## 1. Data Ingestion

The `diamonds` dataset has been widely used in data science and machine learning. We will use it to demonstrate Snowflake's native data science transformers in terms of database functionality and Spark & Pandas comportablity, using non-synthetic and statistically appropriate data that is well known to the ML community.



### Import Libraries

We'll use pandas to read the local CSV file and then convert it to a Snowpark DataFrame.

In [None]:
# Snowpark for Python
from snowflake.snowpark.types import DoubleType
import snowflake.snowpark.functions as F
from snowflake.snowpark.context import get_active_session

# Pandas for reading local CSV
import pandas as pd

### Setup and establish Secure Connection to Snowflake

Notebooks establish a Snowpark Session when the notebook is attached to the kernel. We create a new warehouse, database, and schema that will be used throughout this tutorial.

In [None]:
-- Using Warehouse, Database, and Schema created during Setup
USE WAREHOUSE ML_HOL_WH;
USE DATABASE ML_HOL_DB;
USE SCHEMA ML_HOL_SCHEMA;

In [None]:
# Get Snowflake Session object
session = get_active_session()
session.sql_simplifier_enabled = True

# Add a query tag to the session.
session.query_tag = {"origin":"sf_sit-is", 
                     "name":"e2e_ml_snowparkpython", 
                     "version":{"major":1, "minor":0,},
                     "attributes":{"is_quickstart":1}}

# Current Environment Details
print('Connection Established with the following parameters:')
print('User      : {}'.format(session.get_current_user()))
print('Role      : {}'.format(session.get_current_role()))
print('Database  : {}'.format(session.get_current_database()))
print('Schema    : {}'.format(session.get_current_schema()))
print('Warehouse : {}'.format(session.get_current_warehouse()))

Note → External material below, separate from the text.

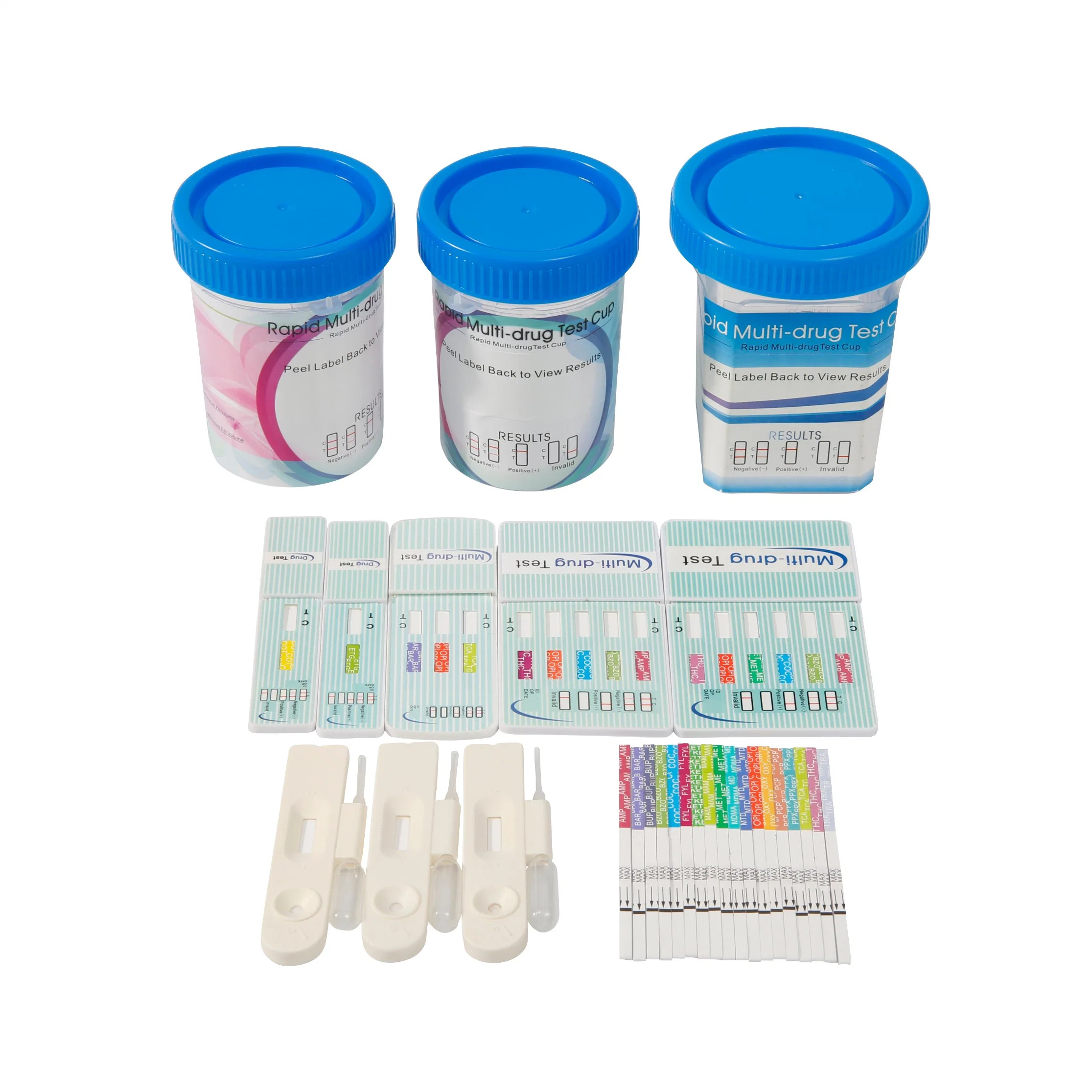 CE Certificate Rapid Drug Test Thc Testing Kit Urine Home Panel Tests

### Read the local diamonds CSV file with pandas and convert to Snowpark DataFrame

We'll read the `diamonds.csv` file from the local `data/` folder using pandas, then convert it to a Snowpark DataFrame for processing in Snowflake.

For more information on creating DataFrames, see documentation on [snowflake.snowpark.Session.create_dataframe](https://docs.snowflake.com/en/developer-guide/snowpark/reference/python/latest/api/snowflake.snowpark.Session.create_dataframe).




In [None]:
# Read the local CSV file with pandas
diamonds_pd = pd.read_csv('../data/diamonds.csv')

# Convert pandas DataFrame to Snowpark DataFrame
diamonds_df = session.create_dataframe(diamonds_pd)

diamonds_df

In [None]:
# Look at descriptive stats on the DataFrame
diamonds_df.describe()

In [None]:
diamonds_df.columns

### Data cleaning

First, let's force headers to uppercase using Snowpark DataFrame operations for standardization when columns are later written to a Snowflake table.

In [None]:
# Force headers to uppercase
for colname in diamonds_df.columns:
    if colname == '"table"':
       new_colname = "TABLE_PCT"
    else:
        new_colname = str.upper(colname)
    diamonds_df = diamonds_df.with_column_renamed(colname, new_colname)

diamonds_df

Next, we standardize the category formatting for `CUT` using Snowpark DataFrame operations.

This way, when we write to a Snowflake table, there will be no inconsistencies in how the Snowpark DataFrame will read in the category names. Secondly, the feature transformations on categoricals will be easier to encode.

In [None]:
def fix_values(columnn):
    return F.upper(F.regexp_replace(F.col(columnn), '[^a-zA-Z0-9]+', '_'))

for col in ["CUT"]:
    diamonds_df = diamonds_df.with_column(col, fix_values(col))

diamonds_df

Check the schema.

In [None]:
list(diamonds_df.schema)

Finally, let's cast the decimal types to DoubleType() since DecimalType() isn't support by Snowflake ML at the moment.

In [None]:
for colname in ["CARAT", "X", "Y", "Z", "DEPTH", "TABLE_PCT"]:
    diamonds_df = diamonds_df.with_column(colname, diamonds_df[colname].cast(DoubleType()))

diamonds_df

### Write cleaned data to a Snowflake table

In [None]:
diamonds_df.write.mode('overwrite').save_as_table('diamonds')

In the next notebook, we will perform data transformations with the Snowflake ML Preprocessing API for feature engineering.